Studio album by Omarion
- Released: December 2, 2014
- Recorded: 2012–14
- Genre: R&B
- Length: 45:34
- Label: Maybach Music; Atlantic;
- Producer: DJ Mustard; Da Internz; Eric Hudson; Monz Logan; Rock City; Tank; Jevon Hill; Pop & Oak; Swiff D; D&D; Davion Henry; The Co-Captains;

Omarion chronology
| Ollusion (2010) | Sex Playlist (2014) | The Kinection (2020) |

Singles from Sex Playlist
- "You Like It" Released: February 14, 2014; "Post to Be" Released: November 11, 2014;

= Sex Playlist =

Sex Playlist is the fourth studio album by American singer Omarion. The album was released on December 2, 2014 under Maybach Music Group and Atlantic Records. The album serves as the follow-up to his third album, Ollusion (2010).

==Background==
In November 2014, Omarion released the track listing and release date for the album. This album is his first full-length release from Maybach Music Group. He later released the album cover artwork which features Apryl Jones, Omarion's girlfriend, straddling him.

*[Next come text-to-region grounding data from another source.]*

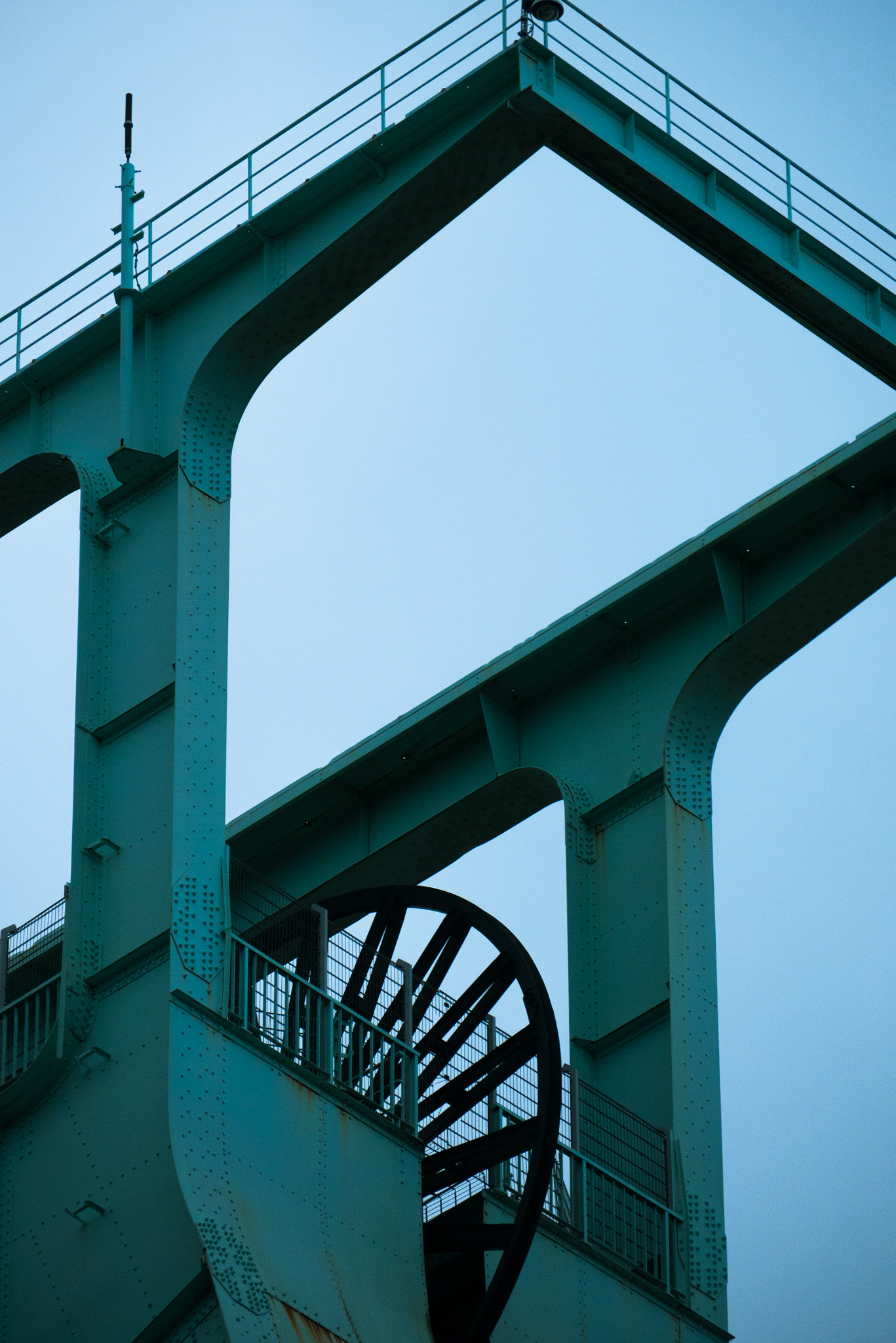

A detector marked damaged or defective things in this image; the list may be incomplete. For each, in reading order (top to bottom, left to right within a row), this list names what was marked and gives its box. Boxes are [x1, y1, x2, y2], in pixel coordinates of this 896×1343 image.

rust stain on steel [277, 1300, 349, 1343]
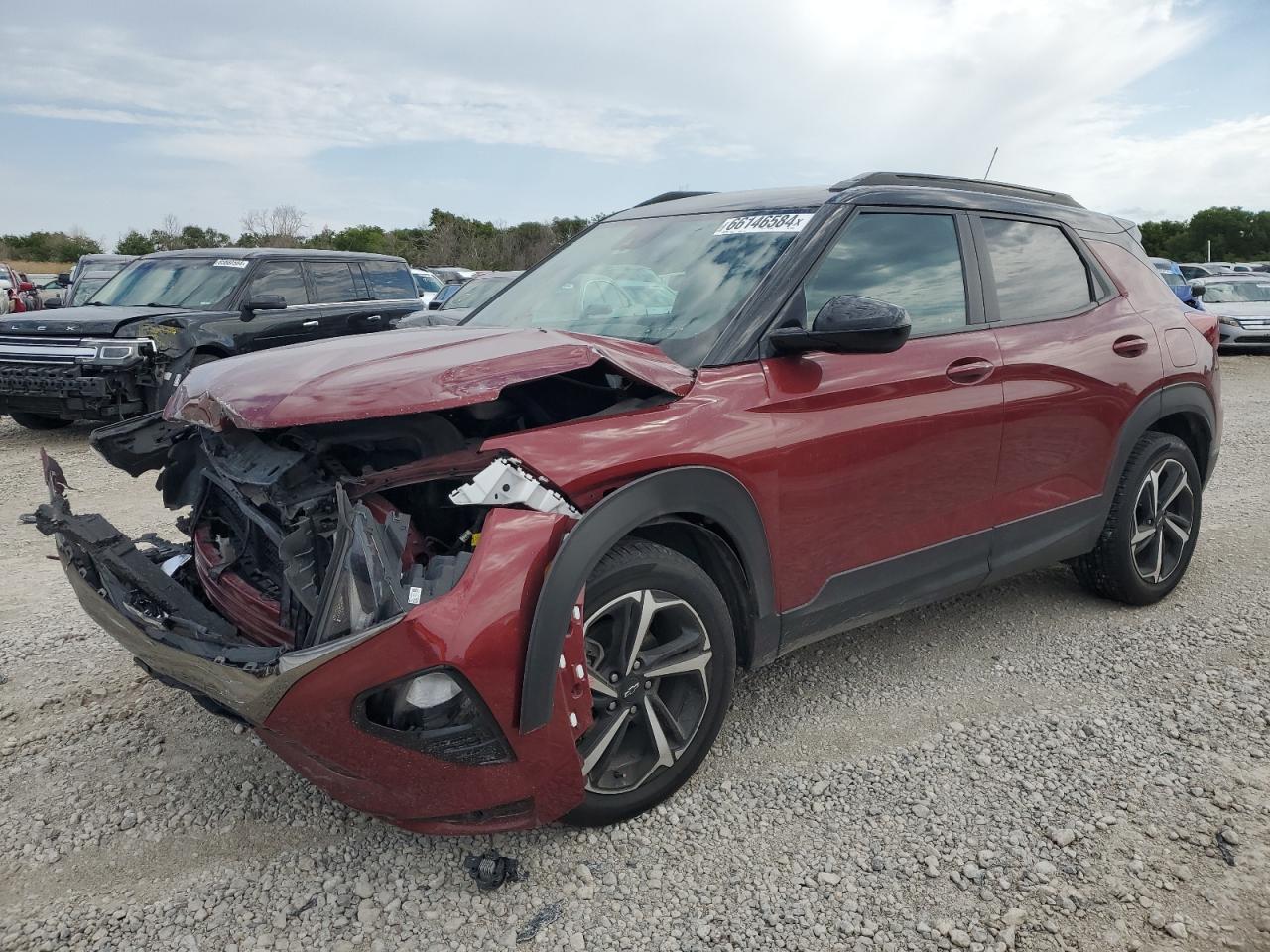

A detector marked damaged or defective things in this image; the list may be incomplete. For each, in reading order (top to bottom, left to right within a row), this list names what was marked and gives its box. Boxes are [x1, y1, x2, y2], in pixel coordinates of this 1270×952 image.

crumpled hood [0, 305, 190, 339]
crumpled hood [168, 327, 695, 432]
damaged red suv [30, 173, 1222, 833]
crushed front end [30, 413, 595, 829]
broken headlight [355, 670, 512, 766]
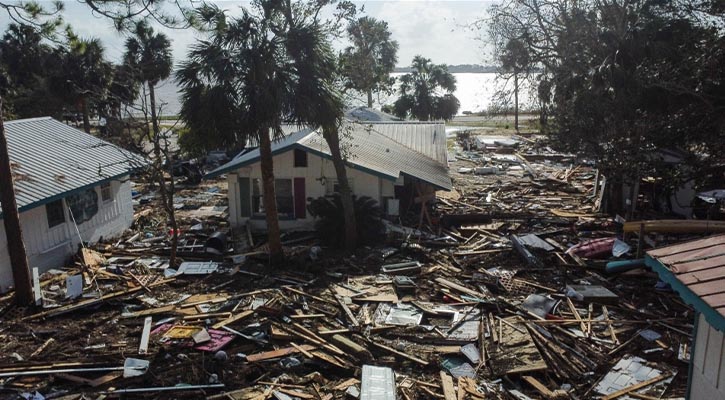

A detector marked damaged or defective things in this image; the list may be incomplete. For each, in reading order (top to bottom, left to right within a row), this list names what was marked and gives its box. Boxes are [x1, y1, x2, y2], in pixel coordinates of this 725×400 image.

damaged house [206, 119, 450, 231]
broken window [45, 200, 64, 228]
damaged house [0, 115, 146, 290]
broken window [66, 188, 99, 223]
broken window [250, 179, 292, 219]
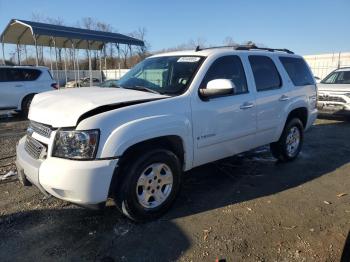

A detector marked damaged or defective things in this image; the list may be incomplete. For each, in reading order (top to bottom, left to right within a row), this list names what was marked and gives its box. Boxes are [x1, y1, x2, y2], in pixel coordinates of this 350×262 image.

crumpled hood [28, 87, 168, 127]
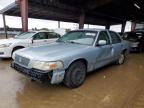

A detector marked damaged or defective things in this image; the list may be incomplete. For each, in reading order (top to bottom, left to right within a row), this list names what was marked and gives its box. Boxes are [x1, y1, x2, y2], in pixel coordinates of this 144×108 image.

damaged front bumper [11, 61, 65, 84]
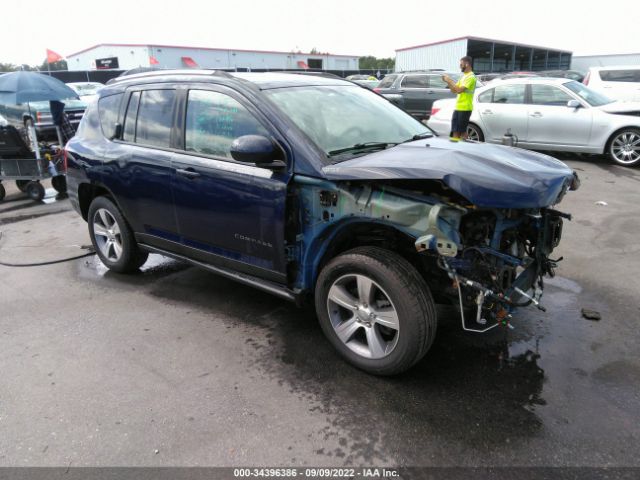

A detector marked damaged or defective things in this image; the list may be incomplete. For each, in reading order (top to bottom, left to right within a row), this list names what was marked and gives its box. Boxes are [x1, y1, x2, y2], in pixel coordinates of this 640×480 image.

damaged blue suv [66, 70, 580, 376]
crumpled hood [322, 137, 576, 208]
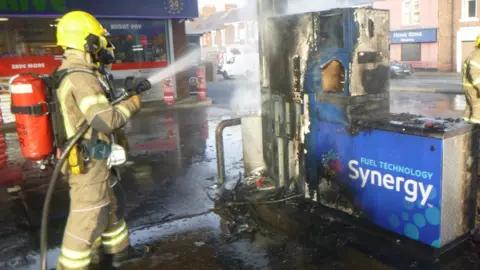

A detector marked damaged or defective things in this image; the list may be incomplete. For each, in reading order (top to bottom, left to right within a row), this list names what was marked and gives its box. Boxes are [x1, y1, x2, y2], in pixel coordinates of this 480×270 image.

Omarion described the album as more mature and concept driven then his previous releases. He said, "It's not about just having a sex playlist, it's about having the right sex playlist, because you can't have sex without love… It's not just about the lustful idea of sex. It's a playlist for the lovers."

==Singles==
The album's lead single, titled "You Like It", was released on February 14, 2014.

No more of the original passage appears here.